The Taliban say no journalist has died in the country since the group returned to power in August 2021. At least 10 journalists were killed in Afghanistan in 2020 and 2021, figures compiled by the Committee to Protect Journalists show, and the Taliban were blamed for some of the deaths.
“It's good news that no journalist has been murdered in the past one year, but we should also know that more than 130 journalists and media personnel were detained and some were tortured by the Taliban in the same period,” said a representative from AFCJ who asked not to be identified for fear of reprisal.
At least three journalists, several video bloggers and a U.S. filmmaker and her producer are in Taliban detention right now.
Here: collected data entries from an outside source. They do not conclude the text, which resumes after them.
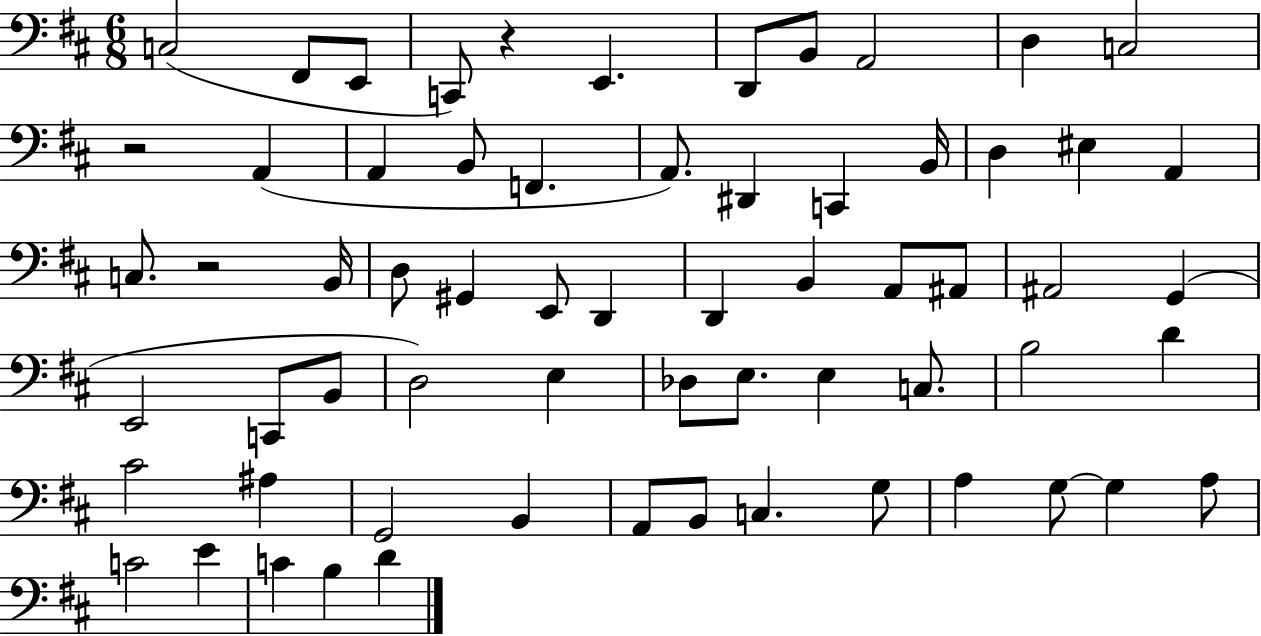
{
  \clef bass
  \numericTimeSignature
  \time 6/8
  \key d \major
  c2( fis,8 e,8 | c,8) r4 e,4. | d,8 b,8 a,2 | d4 c2 | \break r2 a,4( | a,4 b,8 f,4. | a,8.) dis,4 c,4 b,16 | d4 eis4 a,4 | \break c8. r2 b,16 | d8 gis,4 e,8 d,4 | d,4 b,4 a,8 ais,8 | ais,2 g,4( | \break e,2 c,8 b,8 | d2) e4 | des8 e8. e4 c8. | b2 d'4 | \break cis'2 ais4 | g,2 b,4 | a,8 b,8 c4. g8 | a4 g8~~ g4 a8 | \break c'2 e'4 | c'4 b4 d'4 | \bar "|."
}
The Taliban have annulled Afghanistan’s constitution, which modeled the country into an Islamic republic and offered protections for free media and equal rights for women. Instead, the group has declared the country an Islamic emirate with their unseen leader, Hibatullah Akhundzada, as an undisputed supreme ruler.
The dilution of the country’s media law, last amended in 2019 and which offered extensive press liberties, is all but certain.
“The media law was recently reviewed by the Ministry of Information and Culture … and some amendments were made in regard to religious and cultural issues and [the draft] has been sent to the leadership for approval,” said Zabihullah Mujahid, the Taliban’s spokesman.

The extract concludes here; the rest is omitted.